# Real-World Use Case: Fashion MNIST Visualization

## 1. The Problem
We have 70,000 images of clothing (784 dimensions). This is too big to plot. We want to see if our dataset is "clean". Are Sneakers separating from Boots? Are Shirts mixing with T-Shirts?

## 2. Why t-SNE?
PCA will just smudge everything together. t-SNE will try to create a map where similar items are neighbors.

## 3. Data
Fashion MNIST (via Keras or Sklearn).

In [None]:
import numpy as np
import matplotlib.pyplot as plt
from sklearn.datasets import fetch_openml
from sklearn.manifold import TSNE
from sklearn.decomposition import PCA

# 1. Load Data (Subset for speed)
# Fetching might take a moment, using a smaller sample.
fashion = fetch_openml('Fashion-MNIST', version=1, cache=True, as_frame=False)

indices = np.random.choice(70000, 1000, replace=False)
X = fashion.data[indices]
y = fashion.target[indices].astype(int)
target_names = ['T-shirt/top', 'Trouser', 'Pullover', 'Dress', 'Coat', 
                'Sandal', 'Shirt', 'Sneaker', 'Bag', 'Ankle boot']

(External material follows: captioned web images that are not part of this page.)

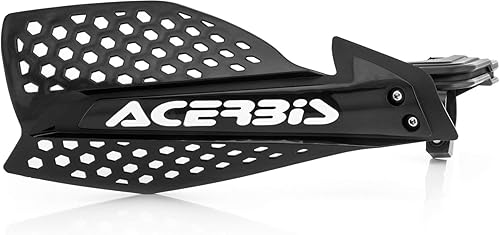 Acerbis X-Ultimate - Protectores de manos, Negro/Blanco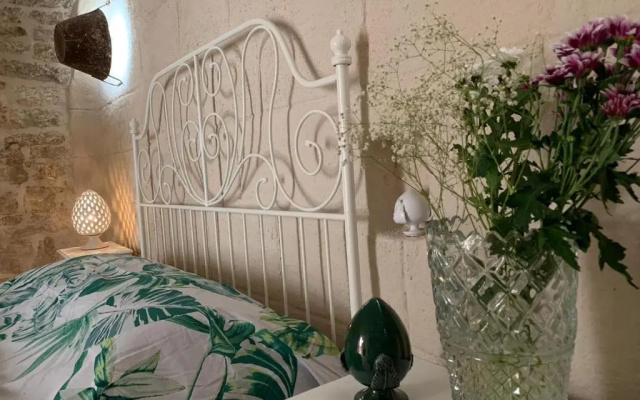 fiori catene tra le torri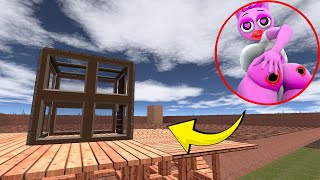 Epic Battle: MISS PINKI SPUNKI VS BIG TOWER In Garry’s Mod!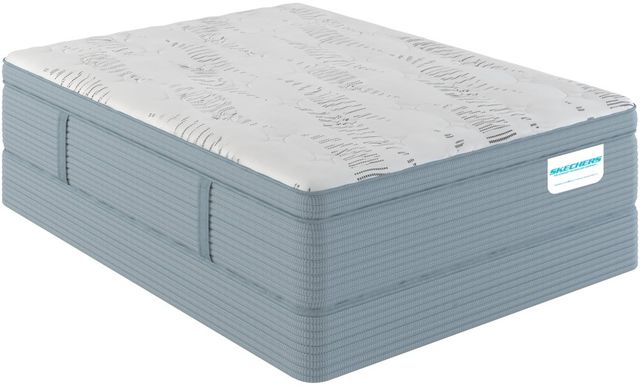 Skechers® PostureFit™ 400 Wrapped Coil 15.5" Ultra Plush Euro Top Full Mattress-3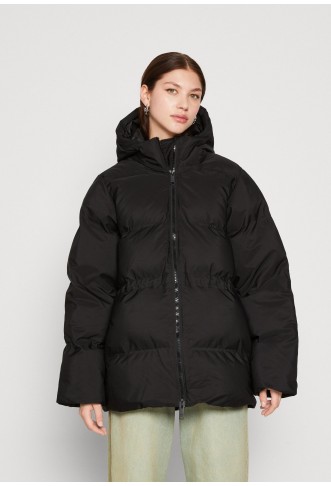 ILLISA WAISTED PUFFER - Winter coat - black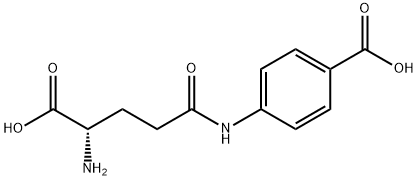 H-Γ-GLU-4-ABZ-OH 化学構造式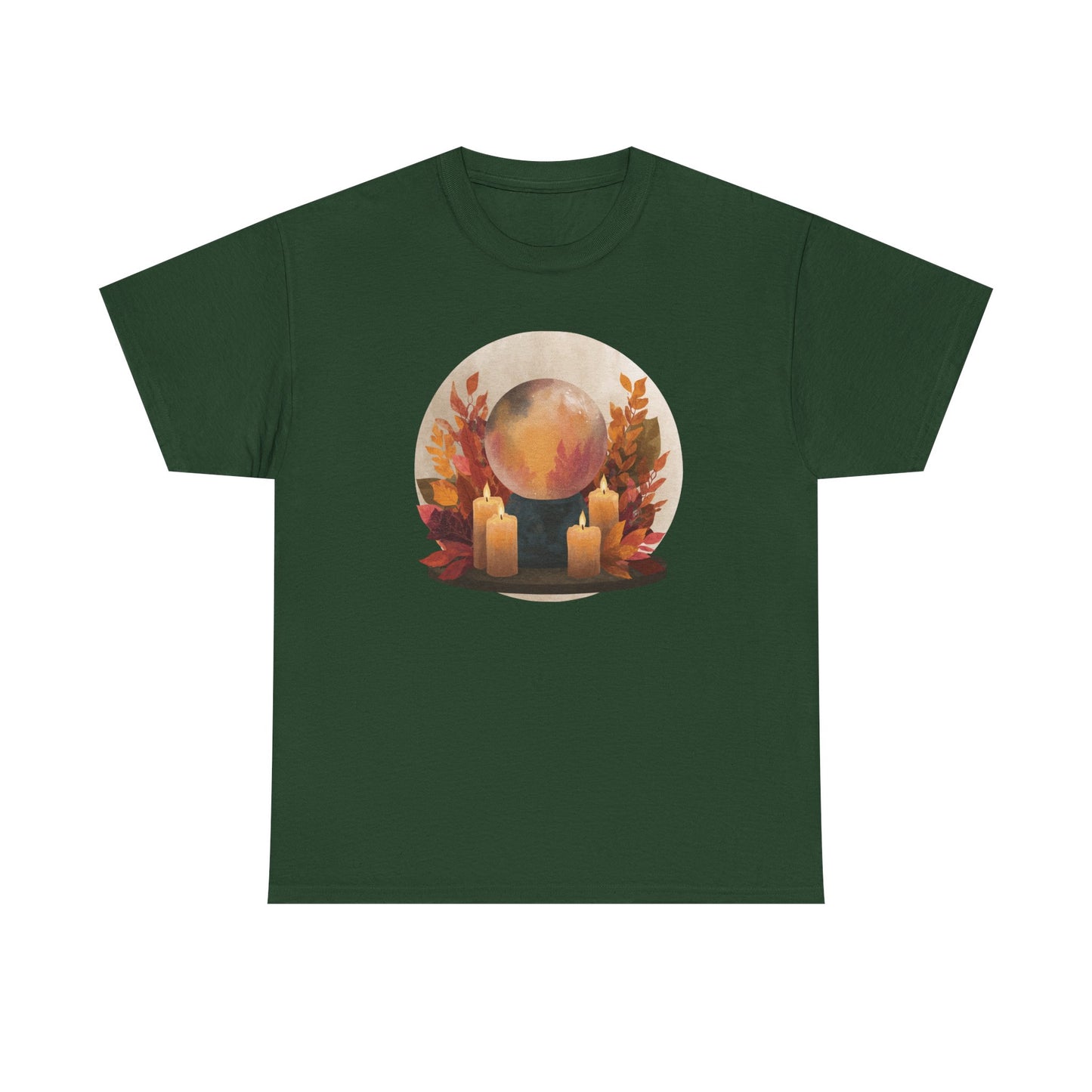Crystal Ball Unisex Heavy Cotton Tee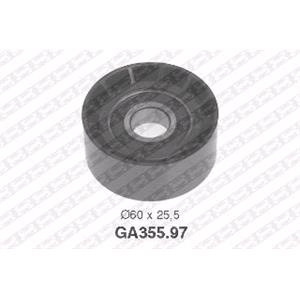 Deflection Guide Pulley V Ribbed Belts, SNR Deflection Guide Pulley V Ribbed Belt   GA35597, SNR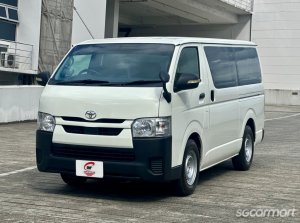 Toyota Hiace 2.8A DX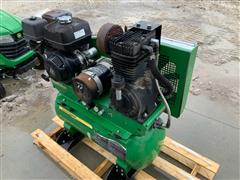 John Deere AG2-SH13-30J Portable Air Compessorator/Generator 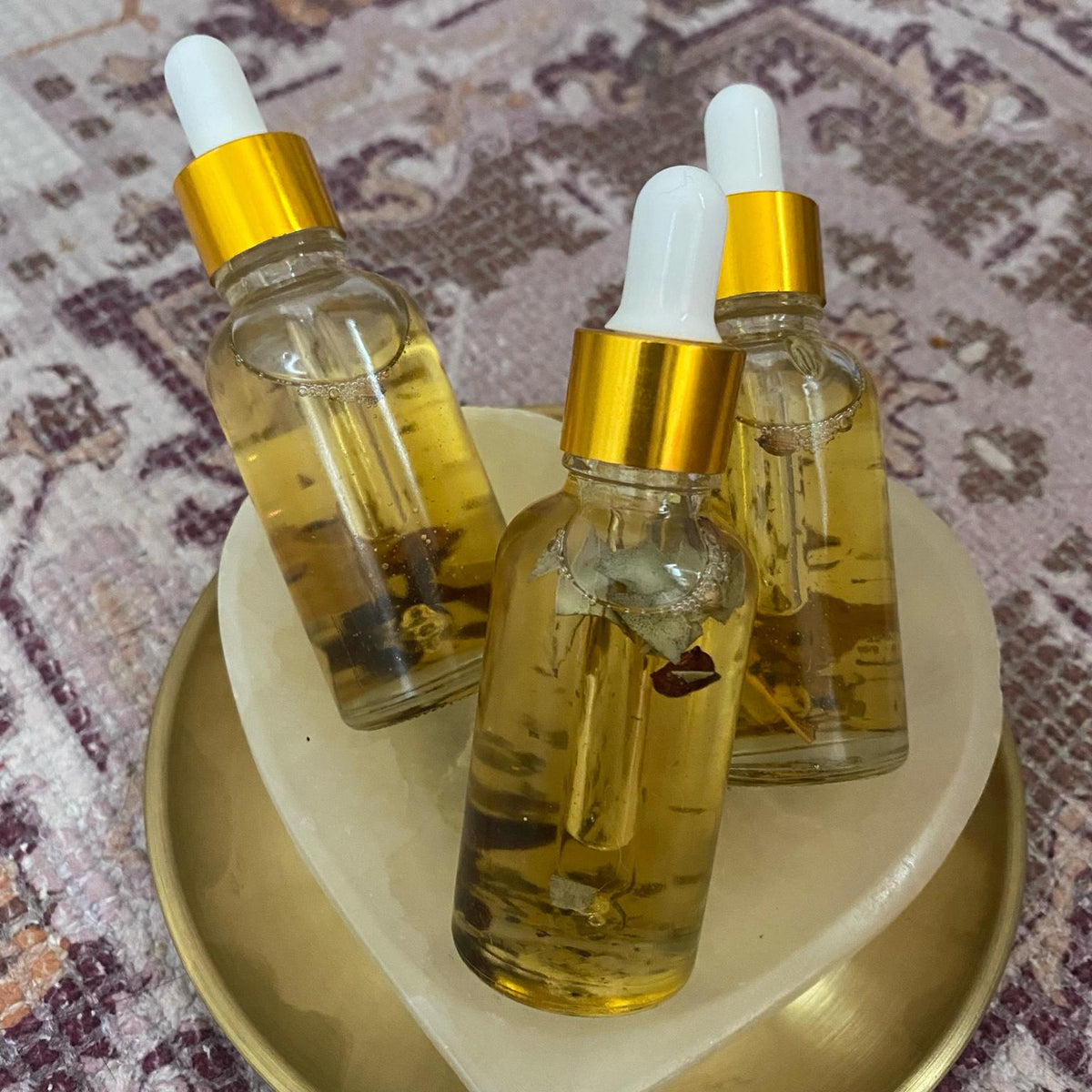Abundance + Attraction Witch Oil | 30ml Dropper Bottle | Handcrafted Ritual Blend
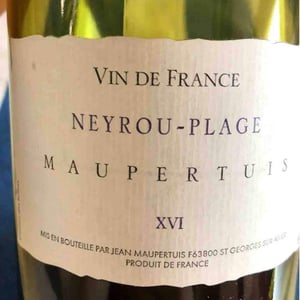 Jean Maupertuis - Jean Maupertuis - Neyrou-Plage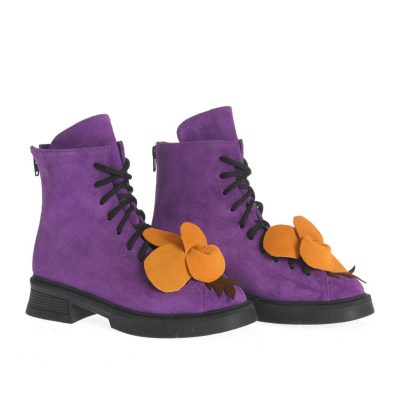 Ghete Munich mov-portocaliu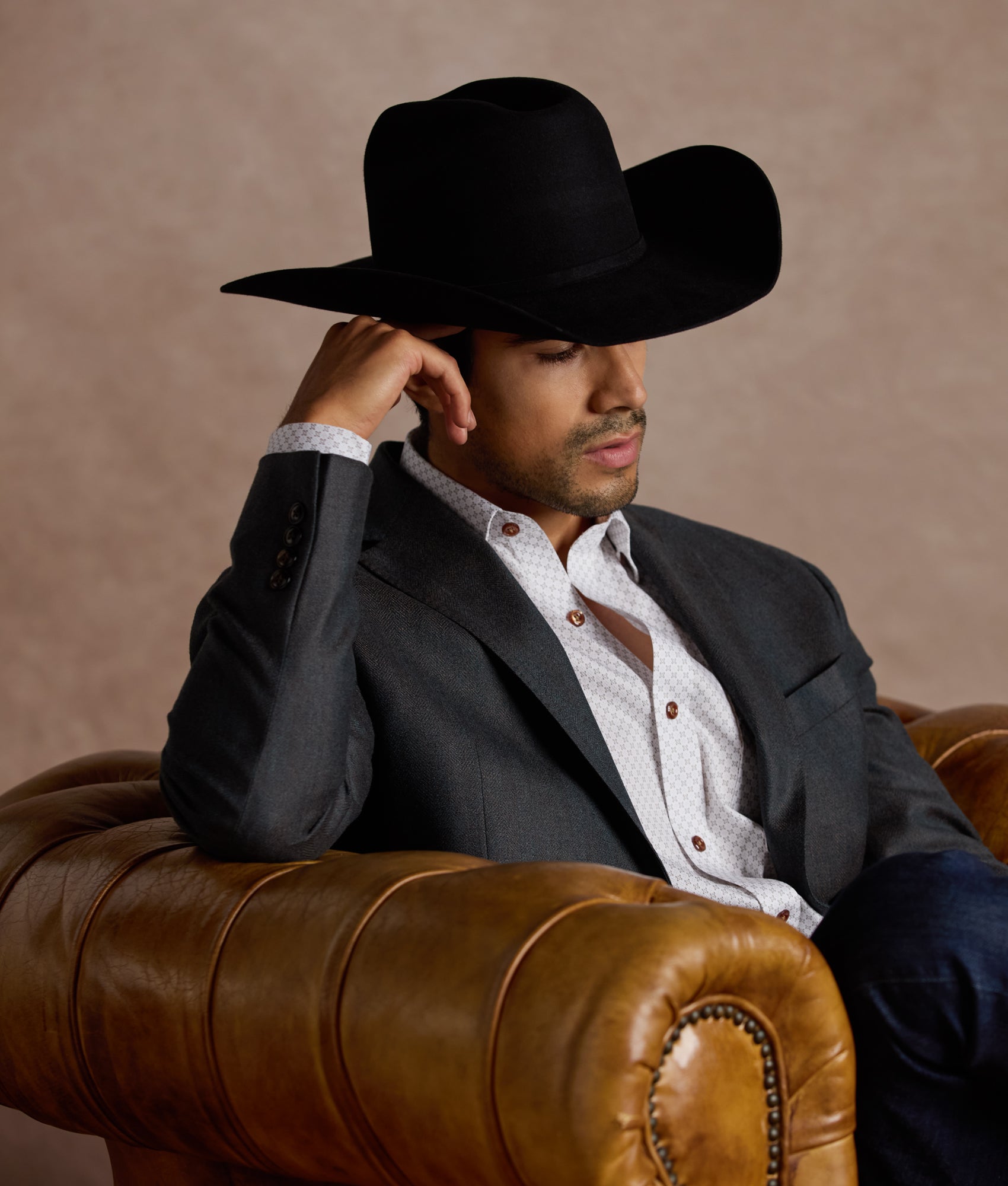 Lucchese Sport Coat :: Teal - Image 12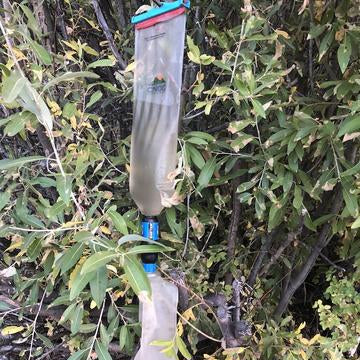 Pro Tip, Turn your Sawyer Squeeze into a Gravity Filter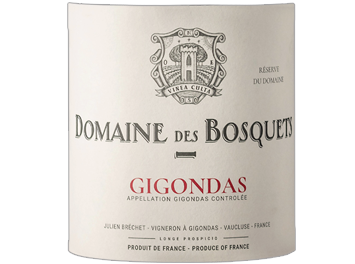Domaine des Bosquets - Gigondas - Rouge - 2016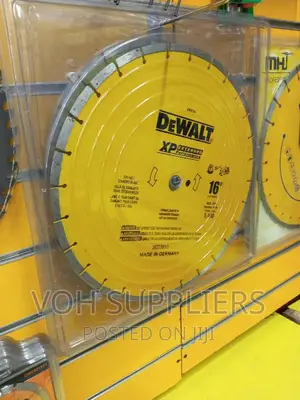 Dewalt Diamond 16" Disc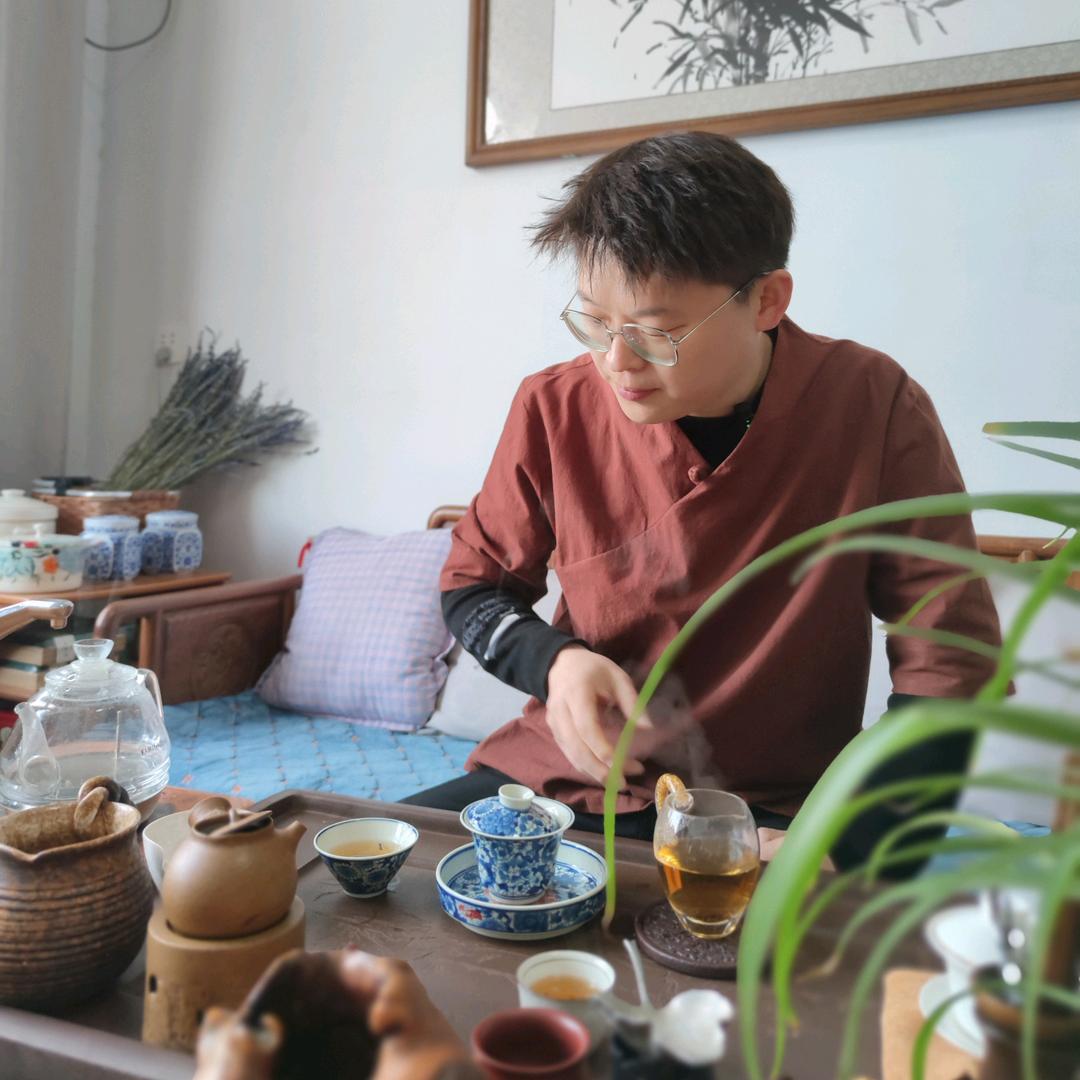 黑白检茶官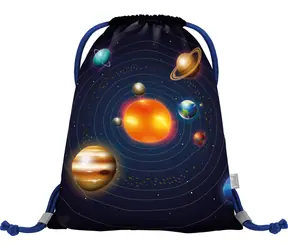 Torba szkolna na buty BAAGL Planety / 46x36 cm
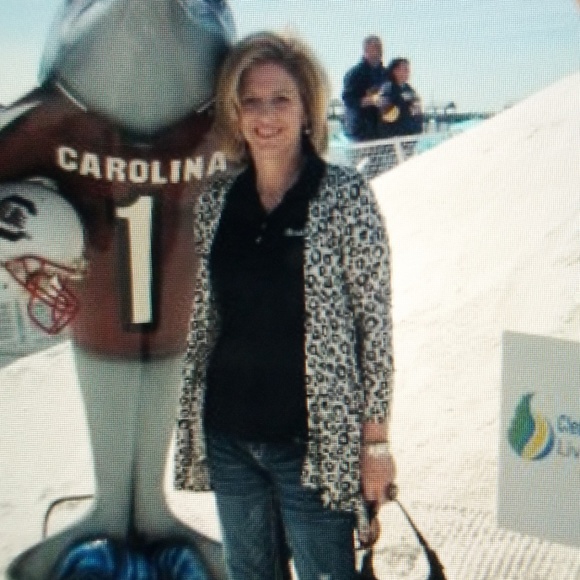 Criss Cross Leopard Cardigan - Picture 5 of 5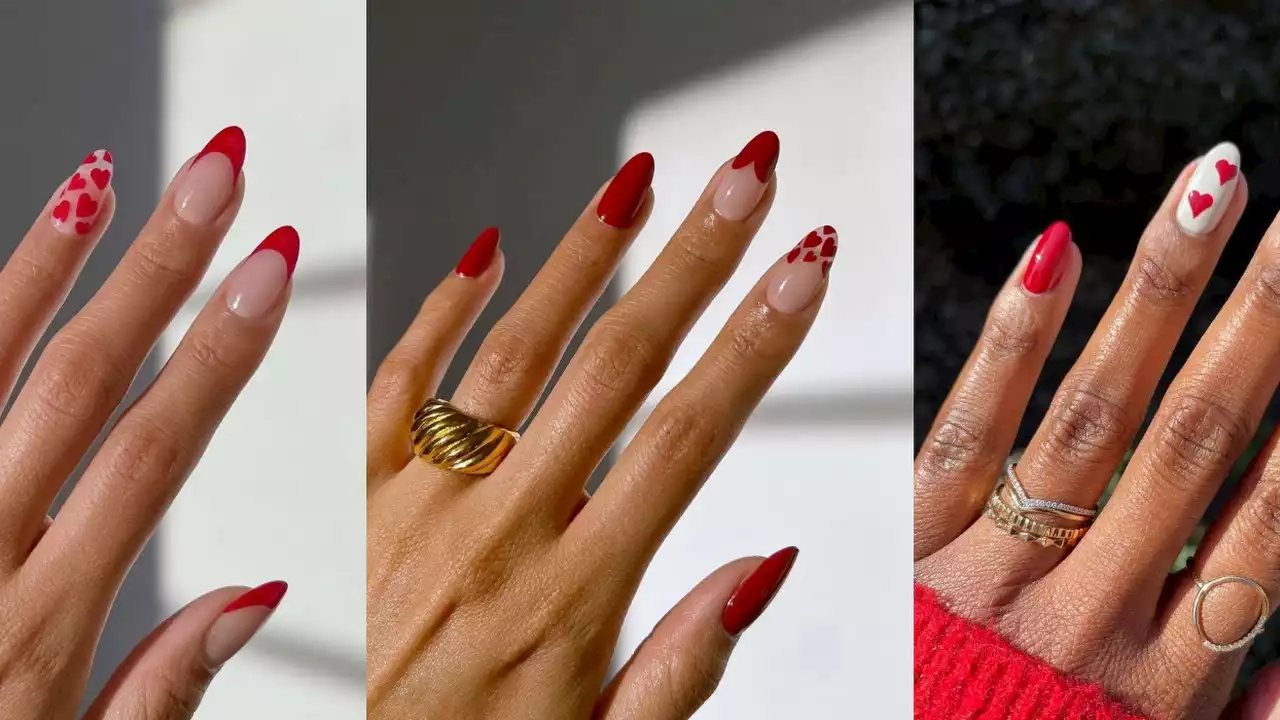 Valentine's Day nail inspiration to screenshot or try at home | IMAGE.ie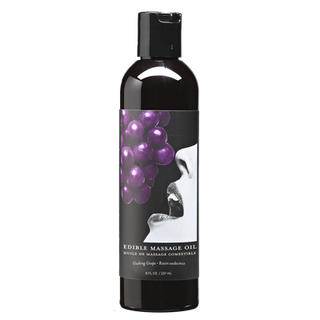 Grapes Edible massage oil - 8 fl oz / 237 ml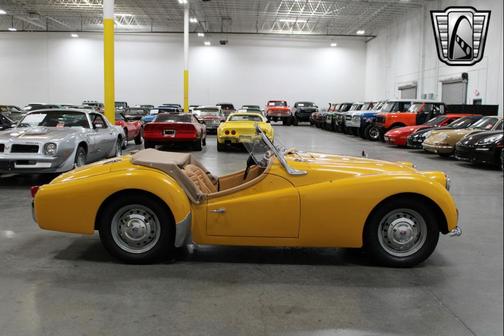 1958 Triumph TR3 TR3a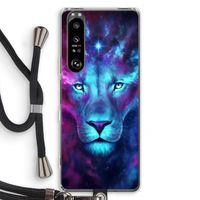 Firstborn: Sony Xperia 1 III Transparant Hoesje met koord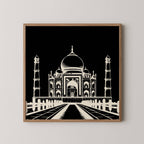 TAJ MAHAL PRINT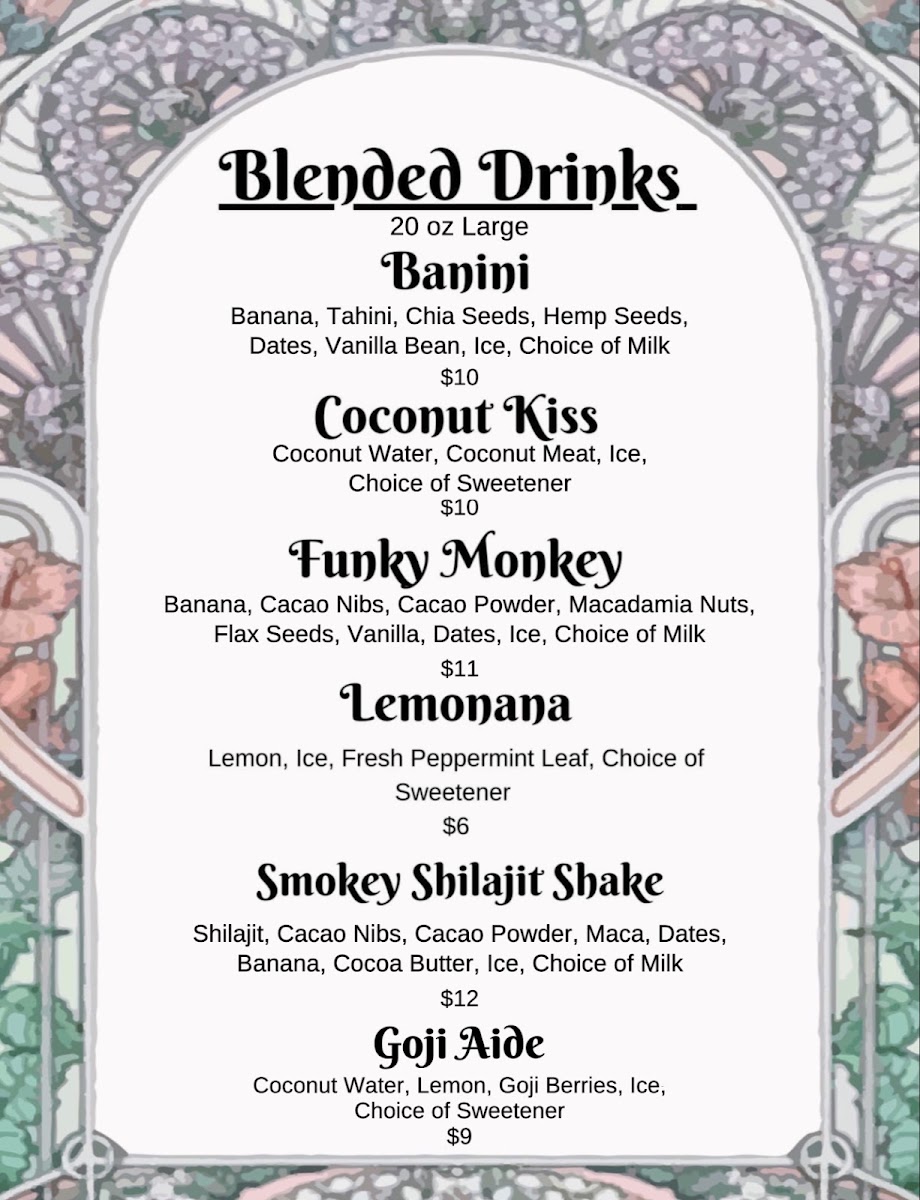 WoodRose Tea Lounge, Juice , Coffee and Elixir Bar - 6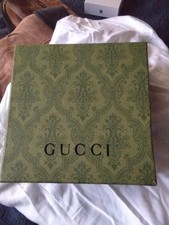 Gucci Green Small empty  Box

# 2. Pipeline: PCA (Reduce to 50) -> t-SNE (Reduce to 2)
# It is best practice to run PCA before t-SNE to remove noise!
pca = PCA(n_components=50)
X_pca = pca.fit_transform(X)

tsne = TSNE(n_components=2, verbose=1, perplexity=40, n_iter=300)
X_embedded = tsne.fit_transform(X_pca)

# 3. Plot
plt.figure(figsize=(12, 10))
scatter = plt.scatter(X_embedded[:, 0], X_embedded[:, 1], c=y, cmap='tab10', s=20)
plt.title('Fashion MNIST t-SNE Visualization')
plt.legend(handles=scatter.legend_elements()[0], labels=target_names)
plt.colorbar()
plt.show()